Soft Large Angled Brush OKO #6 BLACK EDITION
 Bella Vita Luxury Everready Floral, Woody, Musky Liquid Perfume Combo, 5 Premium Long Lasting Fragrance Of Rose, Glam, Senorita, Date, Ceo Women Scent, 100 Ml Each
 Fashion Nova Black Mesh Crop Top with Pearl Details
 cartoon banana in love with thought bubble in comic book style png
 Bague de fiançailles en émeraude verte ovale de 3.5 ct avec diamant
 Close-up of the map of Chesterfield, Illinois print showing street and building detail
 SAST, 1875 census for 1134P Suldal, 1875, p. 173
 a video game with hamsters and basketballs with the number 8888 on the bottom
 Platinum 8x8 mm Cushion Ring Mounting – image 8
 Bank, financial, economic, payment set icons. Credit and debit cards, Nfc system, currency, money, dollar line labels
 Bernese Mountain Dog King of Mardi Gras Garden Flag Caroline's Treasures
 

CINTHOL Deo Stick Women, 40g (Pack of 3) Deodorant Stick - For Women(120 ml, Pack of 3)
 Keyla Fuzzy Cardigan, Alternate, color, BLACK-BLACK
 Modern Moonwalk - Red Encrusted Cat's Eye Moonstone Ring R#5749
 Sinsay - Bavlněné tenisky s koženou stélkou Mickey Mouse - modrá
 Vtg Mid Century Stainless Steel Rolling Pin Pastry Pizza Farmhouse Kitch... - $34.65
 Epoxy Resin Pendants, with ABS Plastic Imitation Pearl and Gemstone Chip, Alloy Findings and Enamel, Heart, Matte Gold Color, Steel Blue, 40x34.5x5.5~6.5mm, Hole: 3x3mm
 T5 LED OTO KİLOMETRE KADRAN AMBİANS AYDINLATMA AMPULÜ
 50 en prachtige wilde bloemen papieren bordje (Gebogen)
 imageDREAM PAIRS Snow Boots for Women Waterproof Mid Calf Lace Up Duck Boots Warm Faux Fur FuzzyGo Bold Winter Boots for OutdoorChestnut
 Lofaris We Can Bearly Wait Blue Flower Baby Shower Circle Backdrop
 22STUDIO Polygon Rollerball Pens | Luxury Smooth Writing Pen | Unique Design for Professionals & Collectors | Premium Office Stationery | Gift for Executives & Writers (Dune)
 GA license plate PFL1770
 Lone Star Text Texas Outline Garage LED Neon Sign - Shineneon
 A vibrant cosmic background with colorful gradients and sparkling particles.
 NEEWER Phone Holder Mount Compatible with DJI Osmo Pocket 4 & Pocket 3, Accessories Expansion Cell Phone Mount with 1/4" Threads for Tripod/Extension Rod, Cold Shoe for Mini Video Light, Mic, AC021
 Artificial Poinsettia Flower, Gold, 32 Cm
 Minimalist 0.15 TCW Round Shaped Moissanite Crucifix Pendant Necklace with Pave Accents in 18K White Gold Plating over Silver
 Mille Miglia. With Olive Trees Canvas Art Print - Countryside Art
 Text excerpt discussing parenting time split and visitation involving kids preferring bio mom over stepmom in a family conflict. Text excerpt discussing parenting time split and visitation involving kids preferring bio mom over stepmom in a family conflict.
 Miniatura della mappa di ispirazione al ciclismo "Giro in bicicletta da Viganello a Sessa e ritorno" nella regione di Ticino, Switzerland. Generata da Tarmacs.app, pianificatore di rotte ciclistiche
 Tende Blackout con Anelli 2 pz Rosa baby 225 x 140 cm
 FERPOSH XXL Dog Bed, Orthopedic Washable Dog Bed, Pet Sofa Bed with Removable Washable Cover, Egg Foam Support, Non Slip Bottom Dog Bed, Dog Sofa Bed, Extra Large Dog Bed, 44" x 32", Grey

==*==

ASSIGNED TASK: Read through the entries and copy each line in which "Steel" appears.

TASK OUTPUT:
 Vtg Mid Century Stainless Steel Rolling Pin Pastry Pizza Farmhouse Kitch... - $34.65
 Epoxy Resin Pendants, with ABS Plastic Imitation Pearl and Gemstone Chip, Alloy Findings and Enamel, Heart, Matte Gold Color, Steel Blue, 40x34.5x5.5~6.5mm, Hole: 3x3mm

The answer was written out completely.